*** RECORD EXTRACTS ***

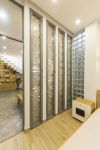 Tổ ấm Hòa Huose Studio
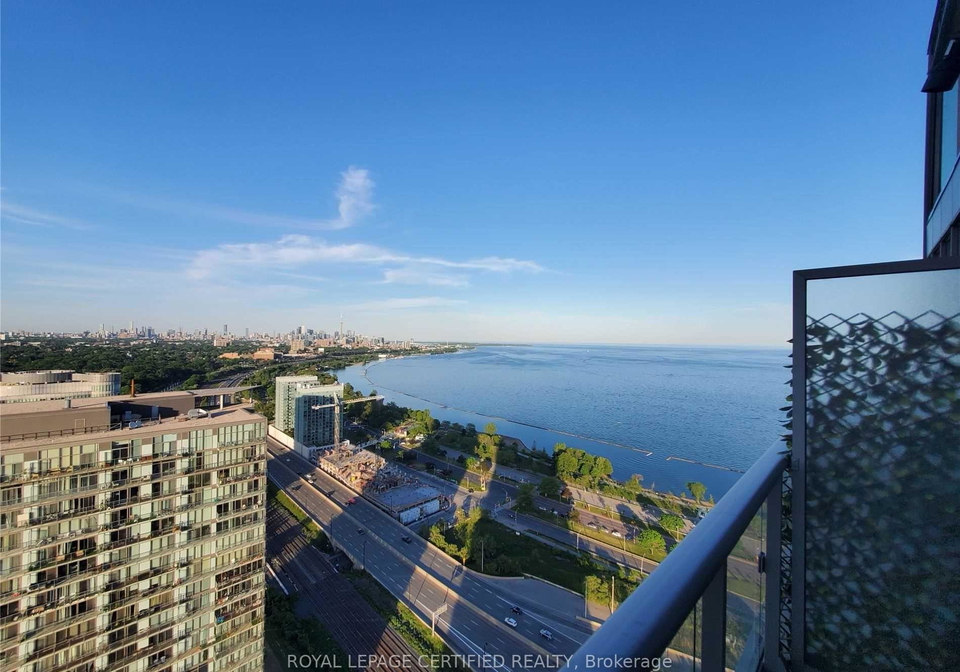 105-the-quay-toronto-ontario-w12617120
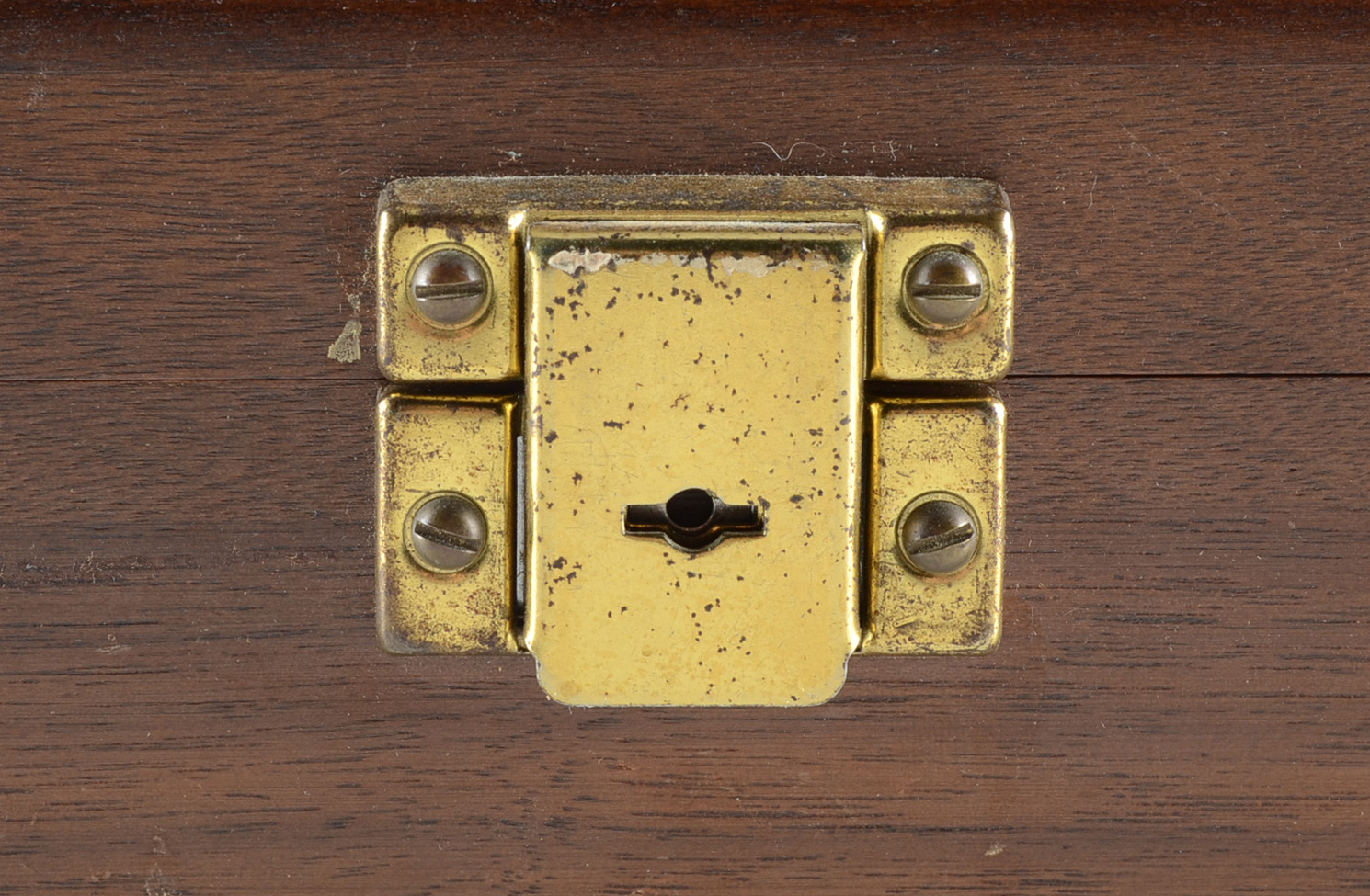 Harley Davidson 75th Anniversary Limited Edition Pistol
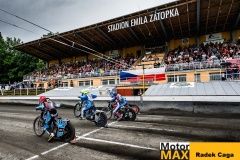 2021_plocha_draha_1_34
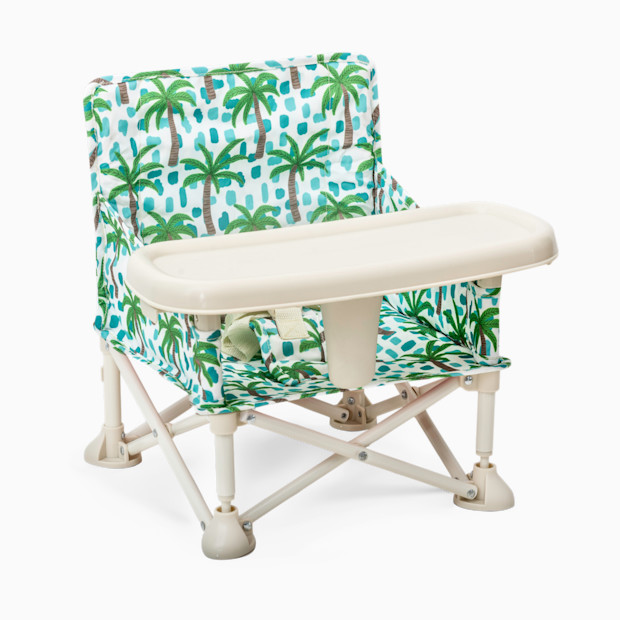 Izimini Portable Booster Chair.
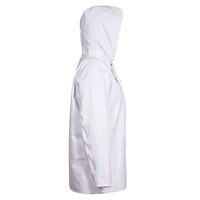 Grundens - GRU Wmns Petrus Jacket
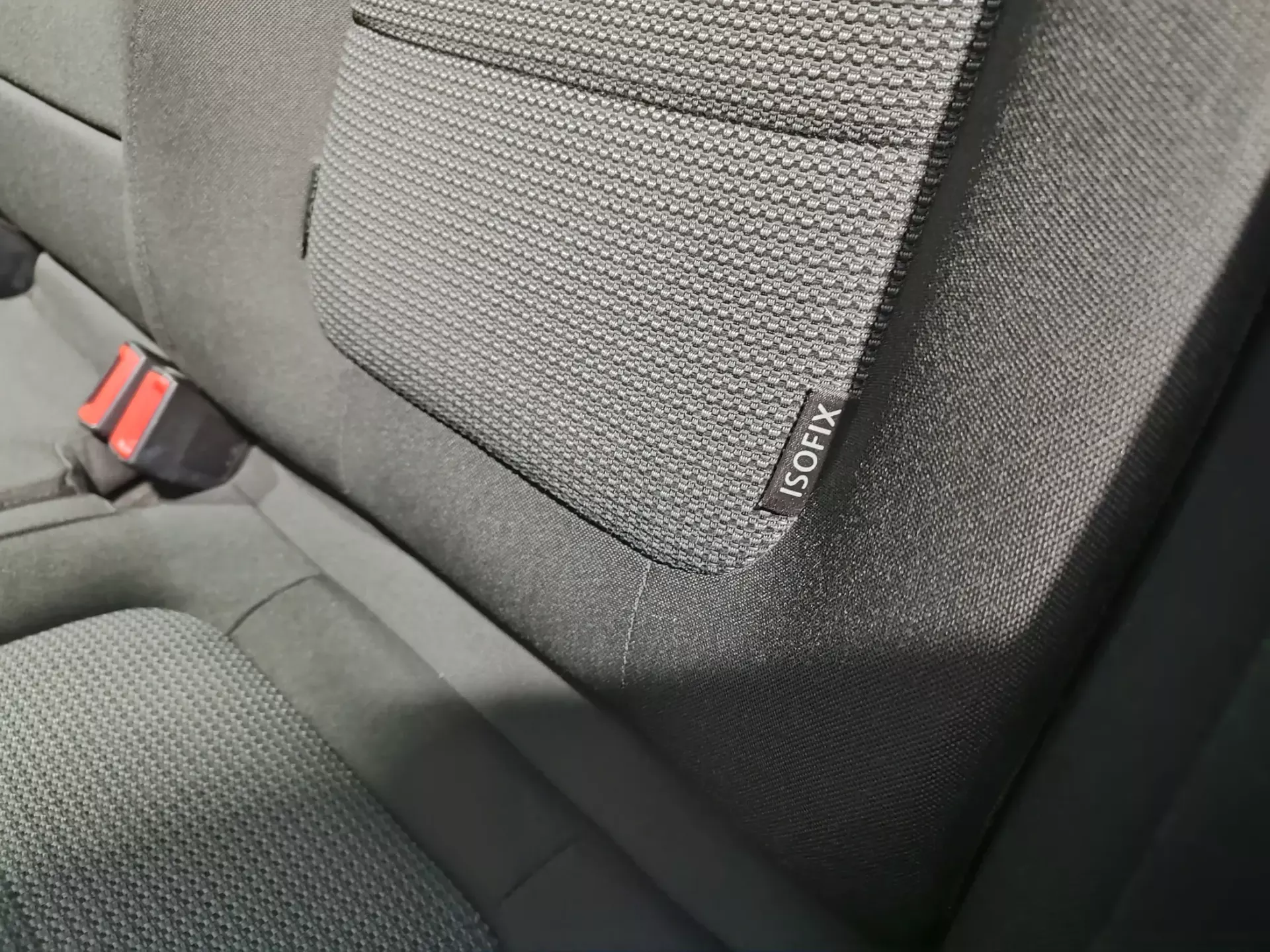 Volkswagen Passat Variant 1.6 TDI Confortline BlueMotion 14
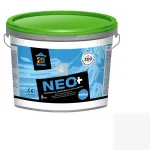 Revco Neo+ Struktúra gördülőszemcsés vékonyvakolat 2 mm B1 16 kg Vedd meg most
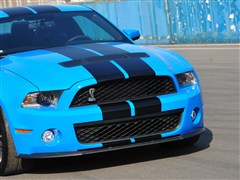 (),Ұ,2012 GT500 ֶ,ϸʵͼƬ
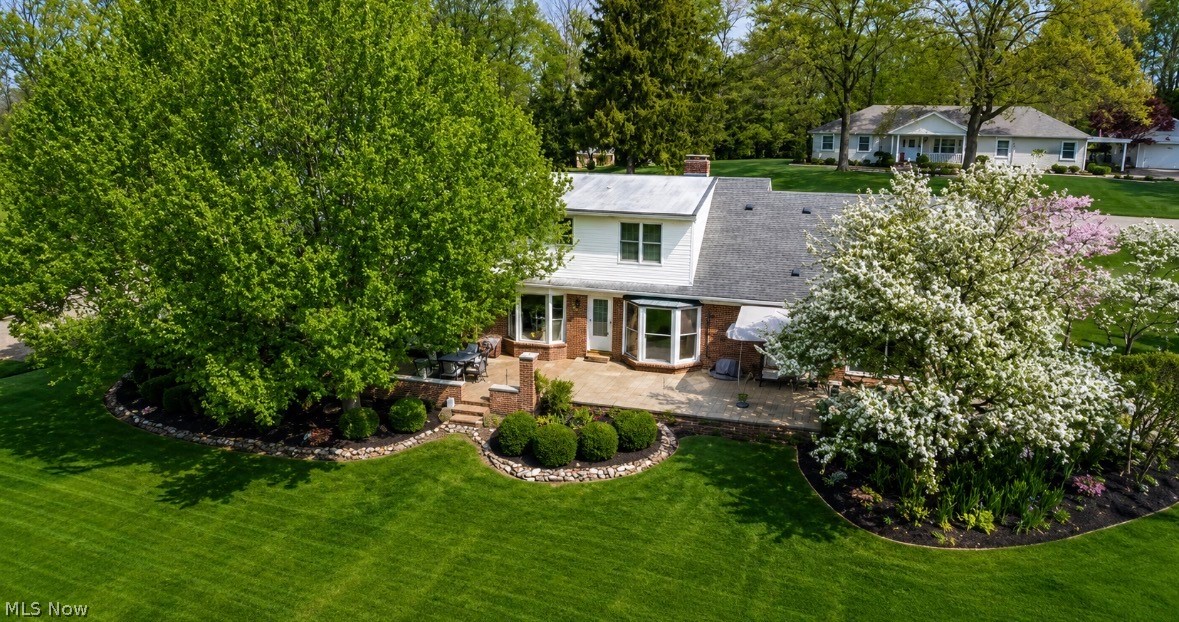 Highland Village - Residential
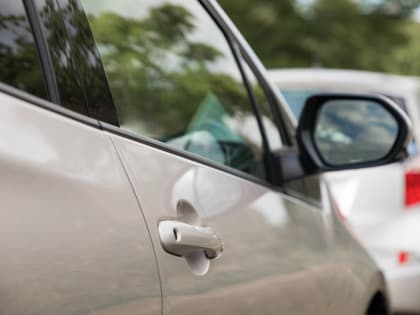 Япония запретила экспорт в РФ автомобилей с двигателем более 1,9 л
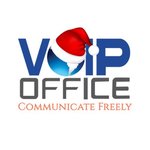 VoIP Service Providers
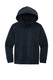 District Youth V.I.T. Fleece Hoodie DT6100Y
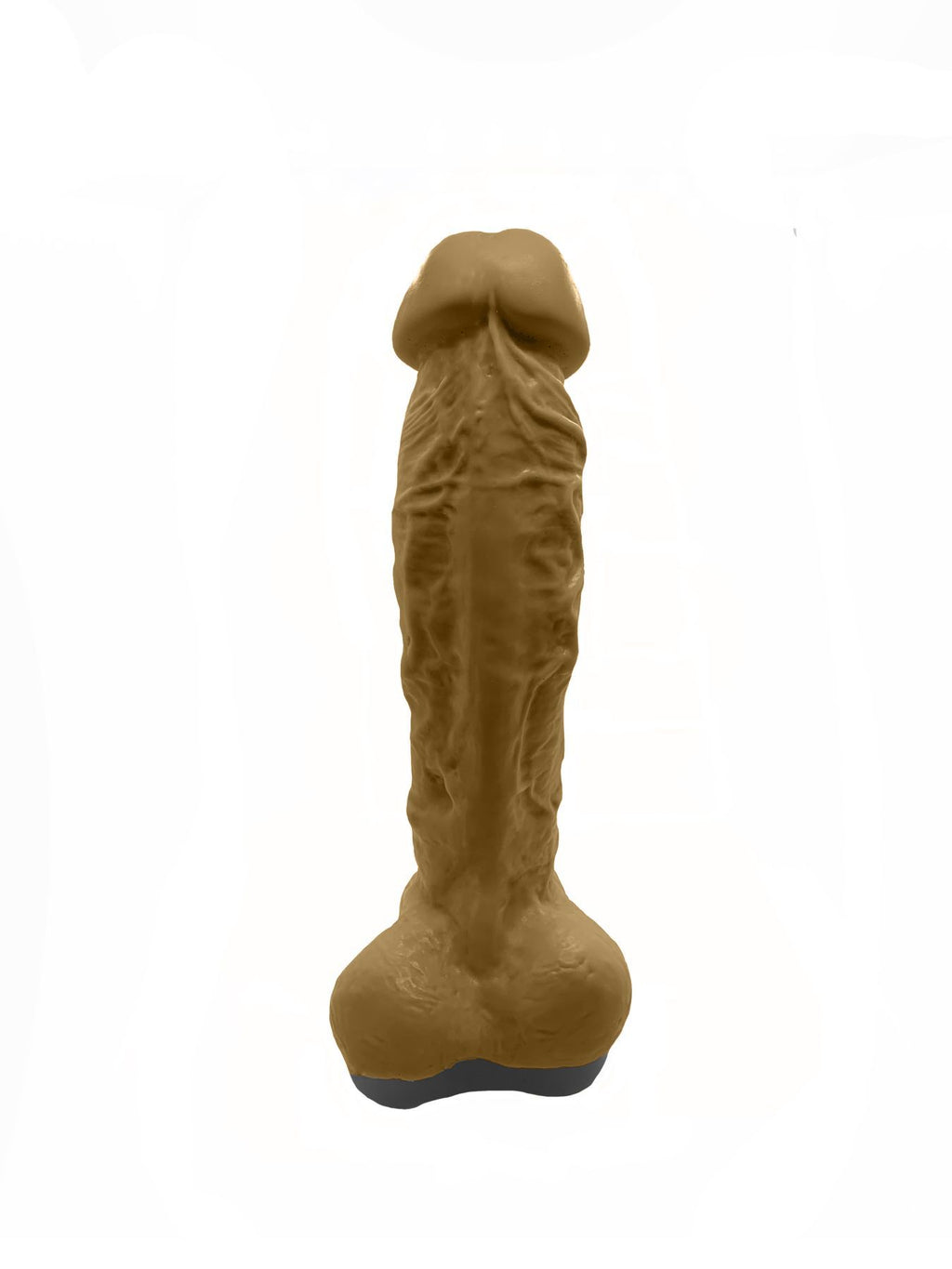 Мило у формі пеніса Чистий Кайф size XL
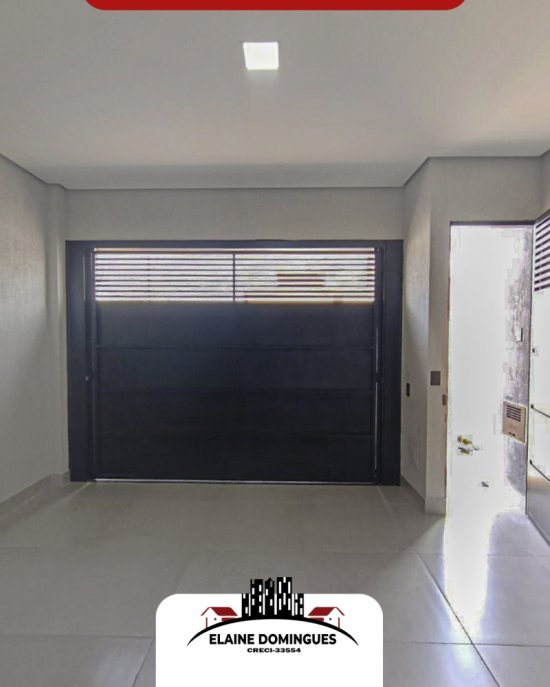 casa-venda-bairro-lagoa-de-tras-em-piumhi-mg-1041692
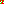 Destellos dst-10081267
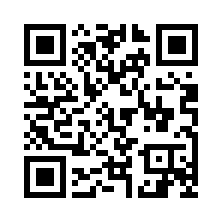 QR Code for 3CVPLoTXLF9eq49MACvX9jF5XJmnFsEhV6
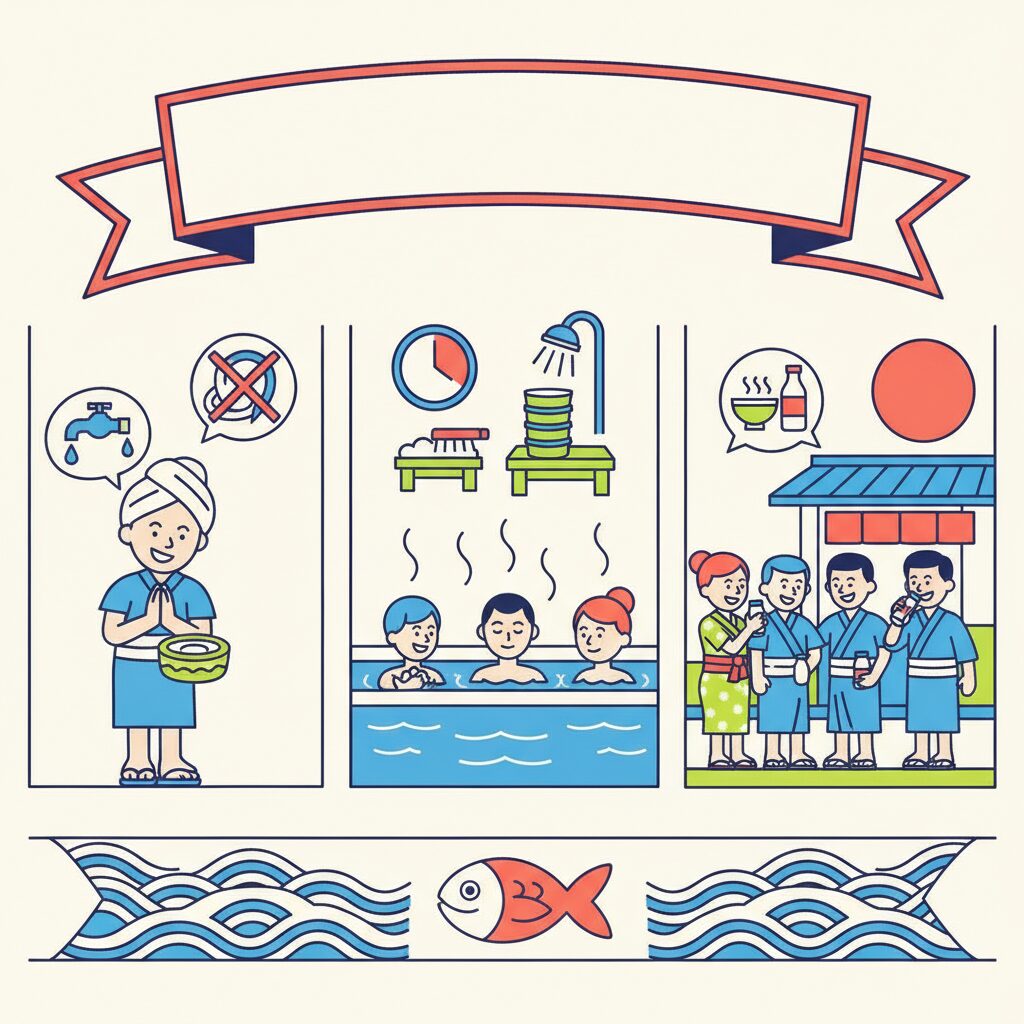navigating-osaka-sento-culture-a-beginner-guide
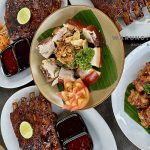 Where To Find The Best Balinese Restaurant In Kuta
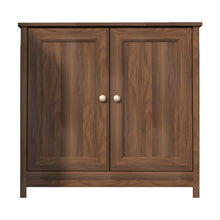 Boahaus Lagery Sideboard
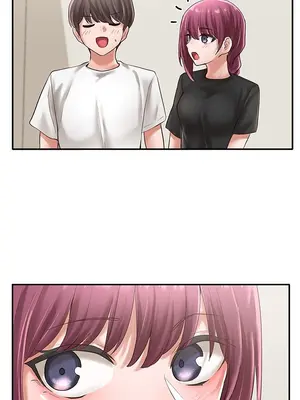 社團學姊 1-221話[完結]_046_016_1510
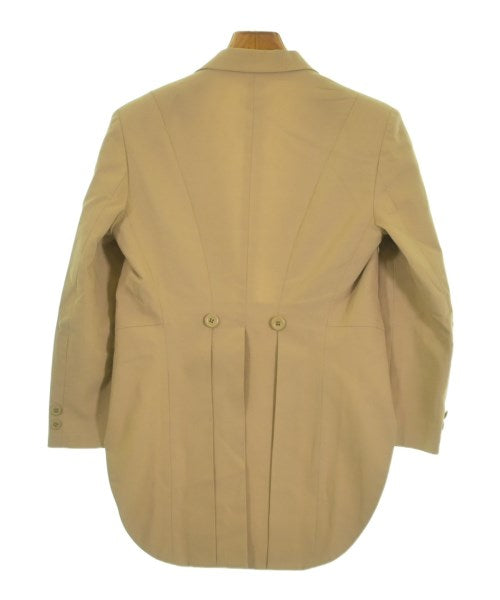 LIMI feu 西裝外套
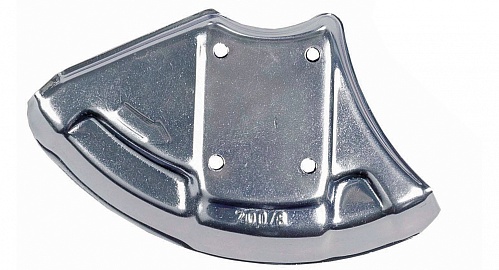 Кожух защитный Husqvarna (240r,245r/rx,250r,252rx) 5022722-01 Кожух защитный Husqvarna (240r,245r/rx,250r,252rx) 5022722-01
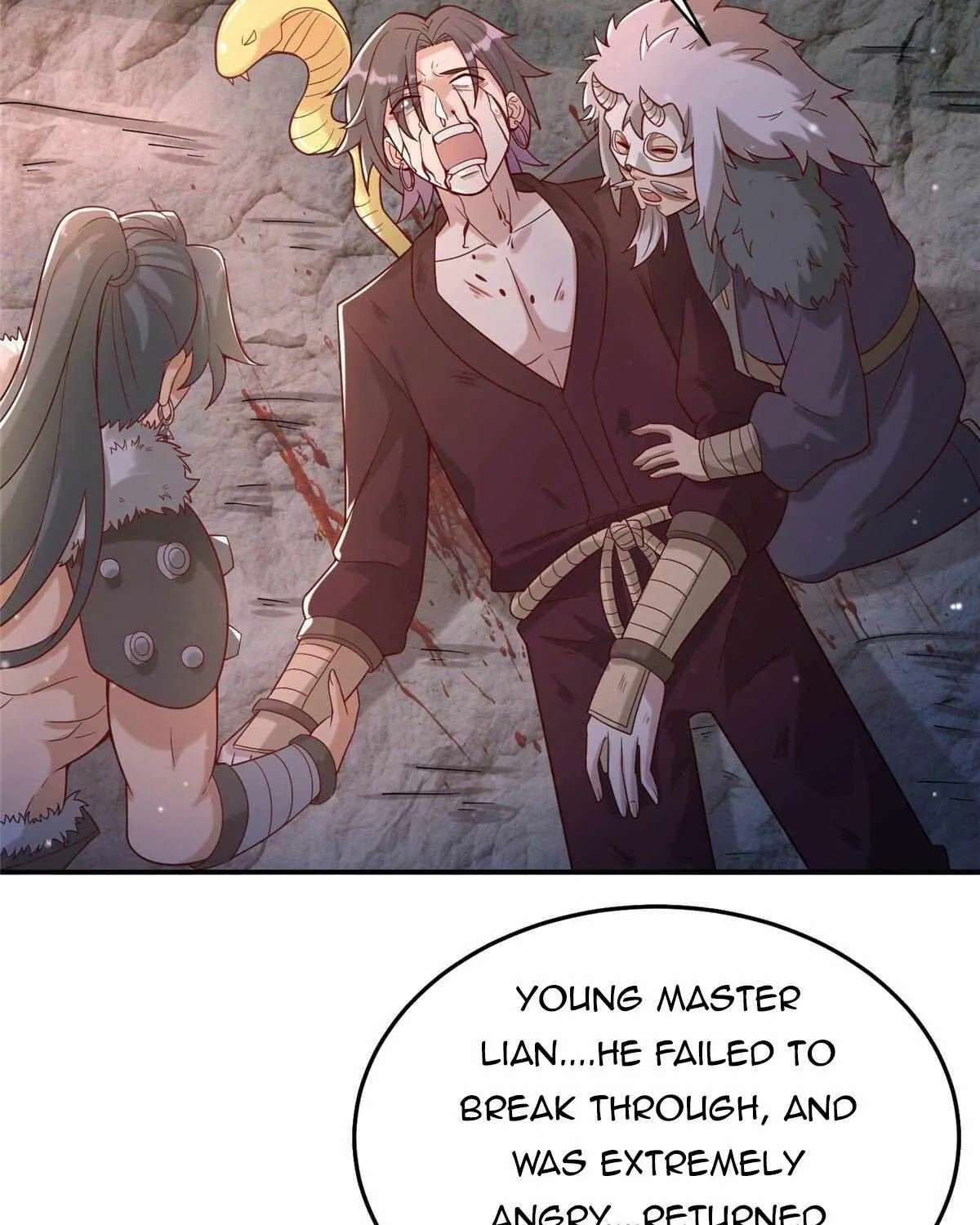 Chapter 34 — page 49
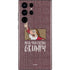 Disney Snow White Grumpy Galaxy S22 Ultra Skin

***

Begin at the top of the records above and retype each line exactly until the line containing "casa-venda-bairro-lagoa-de-tras-em-piumhi-mg-1041692", which is included. Skip all pictures.

 Tổ ấm Hòa Huose Studio
 105-the-quay-toronto-ontario-w12617120
 Harley Davidson 75th Anniversary Limited Edition Pistol
 2021_plocha_draha_1_34
 Izimini Portable Booster Chair.
 Grundens - GRU Wmns Petrus Jacket
 Volkswagen Passat Variant 1.6 TDI Confortline BlueMotion 14
 Revco Neo+ Struktúra gördülőszemcsés vékonyvakolat 2 mm B1 16 kg Vedd meg most
 (),Ұ,2012 GT500 ֶ,ϸʵͼƬ
 Highland Village - Residential
 Япония запретила экспорт в РФ автомобилей с двигателем более 1,9 л
 VoIP Service Providers
 District Youth V.I.T. Fleece Hoodie DT6100Y
 Мило у формі пеніса Чистий Кайф size XL
 casa-venda-bairro-lagoa-de-tras-em-piumhi-mg-1041692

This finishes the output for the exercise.